Evanston cites to several cases to support its argument that plaintiffs complaint is deficient, one of which is Yapak, LLC v. Massachusetts Bay Ins. Co., 2009 U.S.Dist.LEXIS 96361 (D.N.J. Oct. 16 2009). Evanston asserts that Yapak stands for the proposition that a plaintiff must allege facts concerning the terms of the policy and how or why the policy was breached to raise a plausible claim. However, Yapak's only allegation regarding the policy is that its insurance claim was denied. Plaintiffs allege significantly more; the insurance policies they owned covered loss due to fire and vandalism, they made claims against the policies, and Evanston denied both claims.

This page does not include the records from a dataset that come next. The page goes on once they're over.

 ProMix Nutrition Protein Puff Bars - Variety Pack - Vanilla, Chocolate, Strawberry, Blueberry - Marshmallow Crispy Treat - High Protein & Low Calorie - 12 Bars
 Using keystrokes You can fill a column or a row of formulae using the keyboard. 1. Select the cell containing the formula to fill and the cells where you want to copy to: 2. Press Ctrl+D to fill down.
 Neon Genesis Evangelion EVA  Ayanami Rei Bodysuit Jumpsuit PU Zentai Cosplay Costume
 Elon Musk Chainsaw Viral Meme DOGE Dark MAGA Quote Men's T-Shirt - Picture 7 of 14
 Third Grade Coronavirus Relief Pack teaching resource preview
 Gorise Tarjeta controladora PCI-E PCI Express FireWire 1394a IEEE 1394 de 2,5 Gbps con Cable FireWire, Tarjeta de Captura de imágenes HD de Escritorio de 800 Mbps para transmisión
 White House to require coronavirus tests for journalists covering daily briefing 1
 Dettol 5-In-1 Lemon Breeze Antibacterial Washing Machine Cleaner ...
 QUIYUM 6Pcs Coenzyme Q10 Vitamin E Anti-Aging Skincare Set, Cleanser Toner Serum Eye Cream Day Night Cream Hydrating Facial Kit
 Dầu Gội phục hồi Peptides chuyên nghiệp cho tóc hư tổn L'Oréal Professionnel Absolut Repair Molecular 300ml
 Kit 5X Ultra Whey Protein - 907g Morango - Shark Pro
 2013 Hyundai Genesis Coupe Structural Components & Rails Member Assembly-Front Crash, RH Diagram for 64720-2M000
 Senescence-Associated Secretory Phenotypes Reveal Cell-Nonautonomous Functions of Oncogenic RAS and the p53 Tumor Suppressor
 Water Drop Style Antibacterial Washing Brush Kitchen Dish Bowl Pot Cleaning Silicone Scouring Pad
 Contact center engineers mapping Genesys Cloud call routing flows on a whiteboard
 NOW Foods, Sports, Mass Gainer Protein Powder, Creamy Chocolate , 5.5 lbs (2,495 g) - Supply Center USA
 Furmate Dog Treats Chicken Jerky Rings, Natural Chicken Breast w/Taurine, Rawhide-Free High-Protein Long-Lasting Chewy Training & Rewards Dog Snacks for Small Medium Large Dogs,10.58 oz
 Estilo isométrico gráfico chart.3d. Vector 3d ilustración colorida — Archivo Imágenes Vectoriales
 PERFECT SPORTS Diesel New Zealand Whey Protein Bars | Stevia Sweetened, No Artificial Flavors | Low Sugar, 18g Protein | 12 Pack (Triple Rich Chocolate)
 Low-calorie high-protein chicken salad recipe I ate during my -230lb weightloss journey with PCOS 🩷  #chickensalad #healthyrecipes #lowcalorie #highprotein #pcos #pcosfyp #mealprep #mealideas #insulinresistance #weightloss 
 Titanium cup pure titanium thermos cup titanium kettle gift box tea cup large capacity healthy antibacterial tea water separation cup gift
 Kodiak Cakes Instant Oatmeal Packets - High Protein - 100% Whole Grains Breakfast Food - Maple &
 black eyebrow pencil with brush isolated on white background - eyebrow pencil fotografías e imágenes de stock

Next, Evanston argues that plaintiffs' allegations of damages are conclusory and therefore insufficient. However, plaintiffs do not need a full accounting of their loss to survive a 12(b)(6) motion. Plaintiffs allege fire damage to Highland and vandalism damage to Harper, the combination of which exceeds $75,000.4 This is more than an unadorned recital that "plaintiff suffered damages", which the court in Eichholz v. Wells Fargo Bank, 2011 U.S.Dist.LEXIS 128455 (E.D.Mich Nov. 7, 2011) found inadequate to state a plausible claim.

Make no mistake, plaintiffs' complaint leaves much to the imagination. However, adequate pleading does not require an eloquent and robust narrative. Rather, plaintiff must allege facts that state a plausible claim for a breach of contract. The plaintiffs' complaint goes beyond conclusory statements; it alleges the existence of an insurance policy, that the contract covered the two parcels of property; both suffered losses, one by fire, and the other damaged by vandals. The complaint goes on to allege the plaintiffs made claims against the policies but Evanston refused to pay. Although plaintiffs' complaint lacks detail, it alleges sufficient facts to state a case for breach of contract.

Finally, plaintiffs should have attached a copy of each claim and each denial letter as exhibits to the complaint. In any case, Evanston has no doubt diligently inspected both properties as a prerequisite to denying the claims and has formed some opinion as to why the damage to each property is not an insurable loss. With this in mind, it is difficult to imagine Evanston lacks notice of the factual basis of the dispute.

SO ORDERED.

FootNotes


1. Although originally scheduled for hearing, the Court deems this matter appropriate for decision without oral argument. See Fed. R. Civ. P. 78(b); E.D. Mich. LR 7.1(f)(2)
2. Plaintiffs do not specify who has an ownership interest in the properties.
3. As of February 2, 2012, plaintiffs have not petitioned the Court for leave to amend the complaint.
4. This assertion, without elaboration, makes subject matter jurisdiction of the Court uncertain. For example, if DPR owns one property and Metro owns the other, each covered by separate insurance policies, plaintiffs cannot aggregate their claims to meet the jurisdictional threshold because their right to relief does not arise out of the same transaction or occurrence. Fed. Rule Civ. P. 20(a)(1)(A)-(B).